Elon Musk’s buying Twitter, and the deal is on hold. What’s going on. Simple: Twitter’s Day of Reckoning.

Did you ever play the Milton Bradley Game of Life? You scoot around the board in a little car, spinning a wheel and doing stuff like getting married, buying a house, finding oil. At the end of the game you have the Day of Reckoning. This is when all your cash, purchases, and assets are added up, valued, and you see who won the game.

Musk’s offer to purchase Twitter has triggered a Day of Reckoning for the company. Yesterday, the Twitter bosses were Masters & Mistresses of the Universe. They ran their own Ministry of Truth, deciding who would and would not be allowed to participate in the new public square. Today they have to explain themselves to auditors.

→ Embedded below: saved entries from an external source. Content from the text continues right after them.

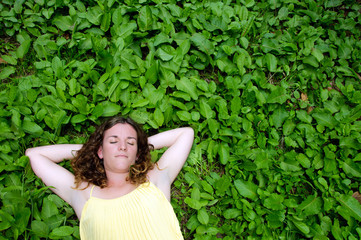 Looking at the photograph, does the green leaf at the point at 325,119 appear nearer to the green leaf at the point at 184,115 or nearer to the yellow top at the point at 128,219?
the green leaf at the point at 184,115

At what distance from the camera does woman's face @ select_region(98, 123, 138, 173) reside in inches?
94.1

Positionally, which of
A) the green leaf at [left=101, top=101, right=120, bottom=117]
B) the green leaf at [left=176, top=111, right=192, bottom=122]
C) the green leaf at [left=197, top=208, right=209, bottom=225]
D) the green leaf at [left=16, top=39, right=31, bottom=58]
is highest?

Its like you’re buying a house. “You guaranteed no termites.”

“Yup.”

“Well, here’s my home inspector.”

“What!! Don’t you trust me?!?!”

Here’s how it works:

—Businsses have a value.
—when you sell a business, the valuation of that business is crucial. Things like your income and your sources of income are crucial information for an informed purchaser.
—If your business is built on say, subscribers, that number of subscribers is key to valuing the business.
—Businesses ‘sell’ themselves every day, by dividing their ownership into ‘shares.’ Those shares are sold at an initial market offering, and then in a continuous aftermarket called the stock exchange.
—The share price in total, becomes an indicator of the value of the business. The business can then borrow money on the basis of that perceived value. Also people will buy and sell their shares. Others may want to buy the company based on that value.
—An unscrupulous management can take advantage by manipulating the information available regarding the state of the business. For example: by fraudulently inflating the number of subscribers or customers, so inflating the perception of value and the share price.
—In the US, this is highly illegal. Our SEC requires regular statements from publicly held companies, guaranteed under oath, of stuff like subscriber base. Companies are prohibited from lying about important information to inflate their share price.
—SO: if a hypothetical guy named Melon Usk offers to buy a hypothetical company named, say ‘Twatter,’ and it turns out the company’s declared subscriber base is seriously—say, at least 20% or so—overstated, then ‘Twatter’ has been fraudulently overvalued by its management.
—Which is a crime, as well as giving rise to civil suits by investors who bought shares based on the management fraud.
—Mr. Usk has a lot of options. The management of Twatter not so much.

So the Twitter Lords and Ladies are on the Reckoning square. Did they inflate up their customer figures to goose up their share price? If so, Mr. Musk may get the company for a lot less than he first offered. And the Twitterlords? Will they end up in Millionaire Acres, the Poorhouse, or maybe a Big House with Orange jumpsuits?

Maybe they should have just let Trump keep tweeting.